Although pictures appear in the data, the answer should contain only the lines from its start through the line with "Viên uống chống", written out exactly.

BEGIN Listed entries

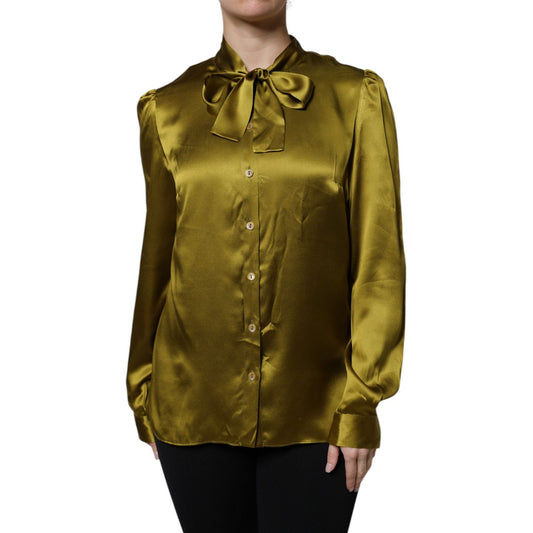 Dolce & Gabbana Green Satin Long Sleeve Ascot Tie Shirt Top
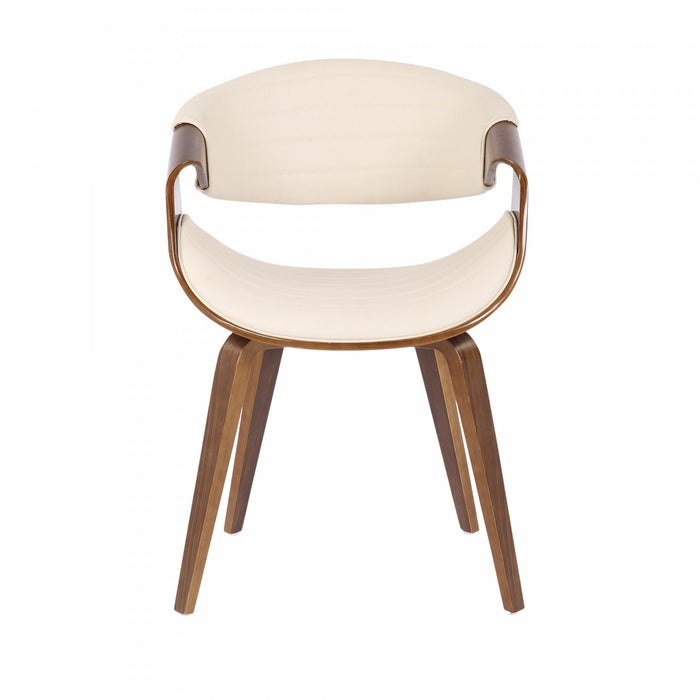 Chaise d’appoint de salle à manger moderne du milieu du 20e siècle Symphony en similicuir - noyer et crème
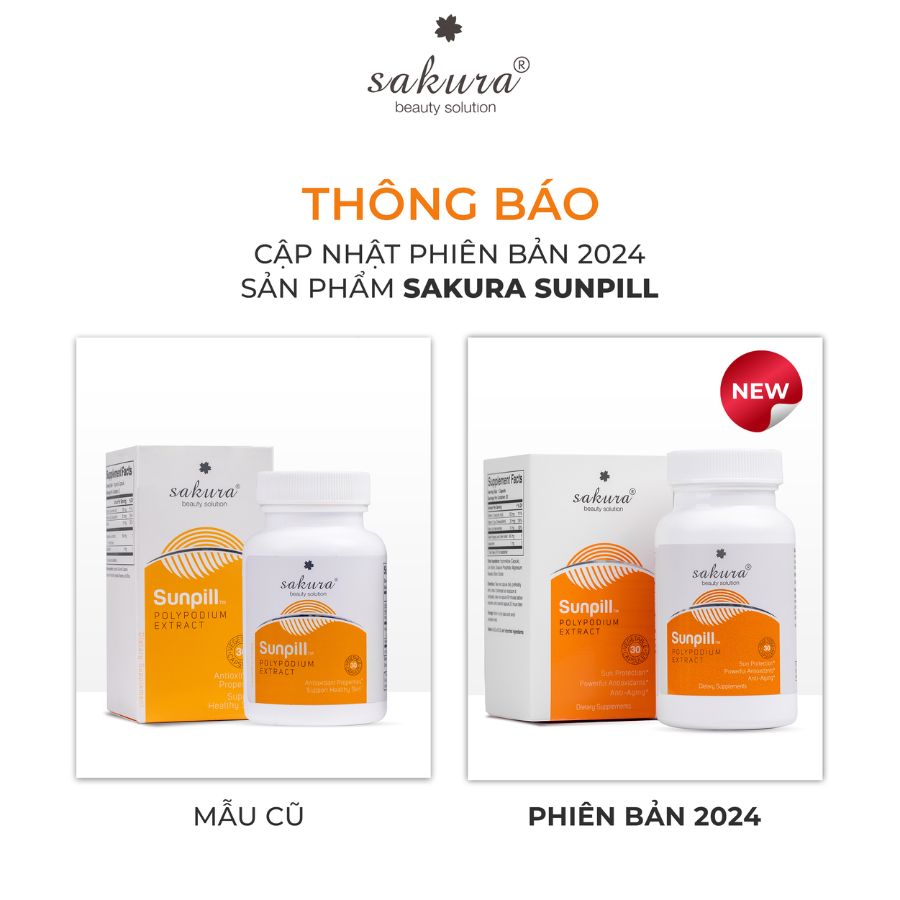 Viên uống chống nắng sinh học toàn thân Sakura Sunpill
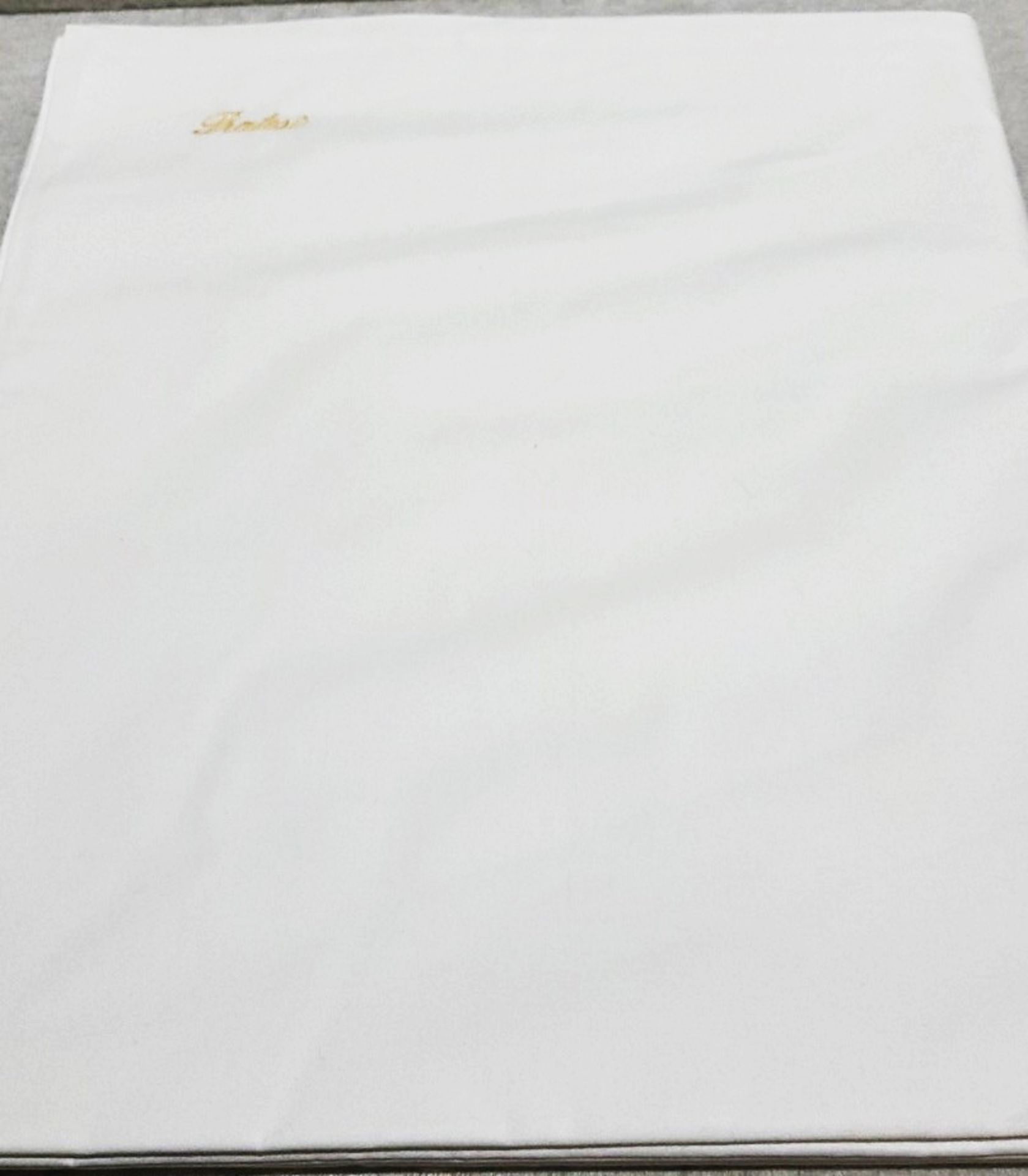 4-Piece PRATESI 'Tre Riche' Gold Embroidered Angel Skin Cotton Sheet & Pillow Set - Original - Image 5 of 5
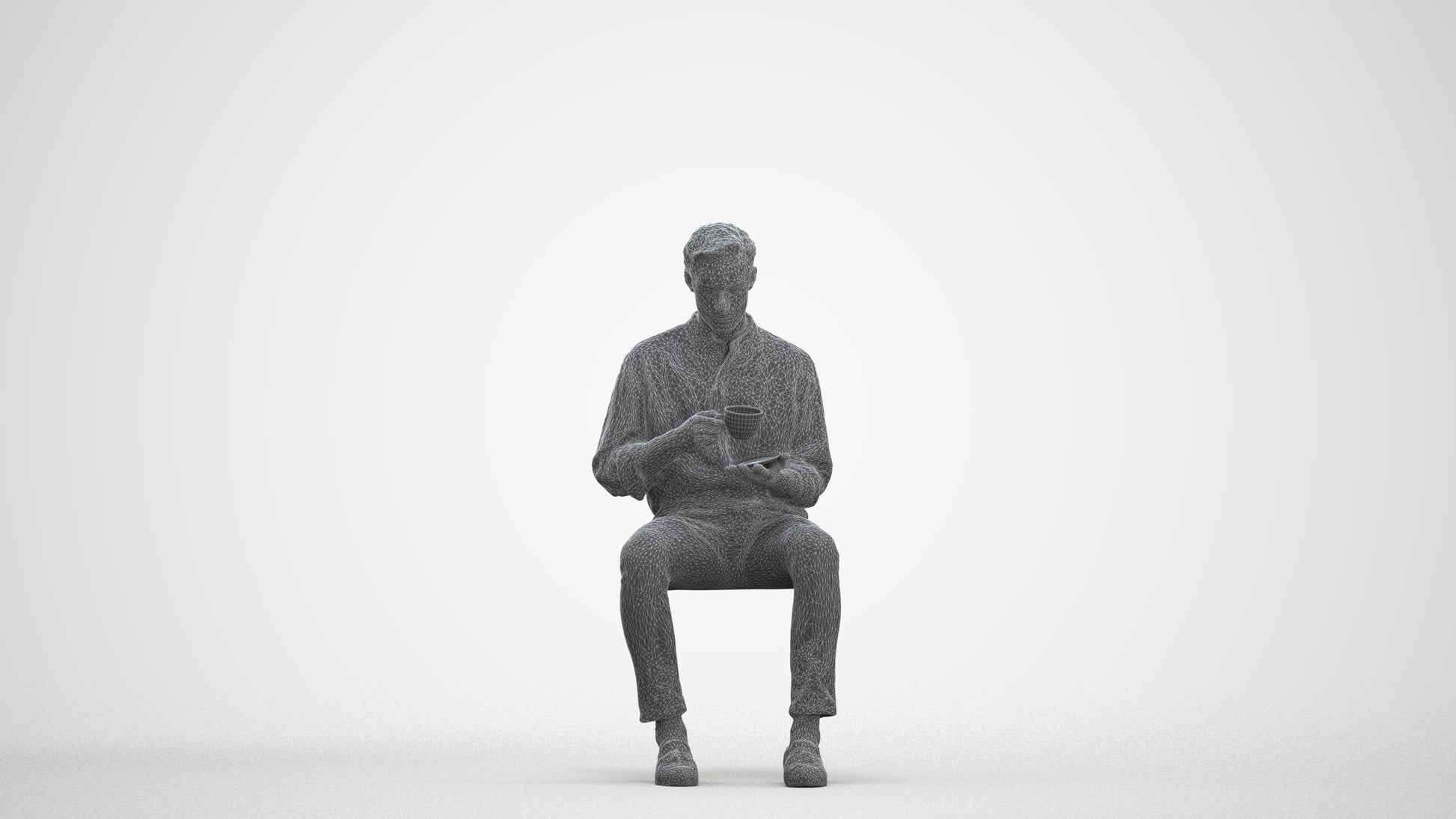 realistic 3D people man casual sitting, render-ready for V-Ray and Corona, FBX OBJ, three-quarter front view render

END Listed entries

▶ **Reply to the exercise**:
 Dolce & Gabbana Green Satin Long Sleeve Ascot Tie Shirt Top
 Chaise d’appoint de salle à manger moderne du milieu du 20e siècle Symphony en similicuir - noyer et crème
 Viên uống chống nắng sinh học toàn thân Sakura Sunpill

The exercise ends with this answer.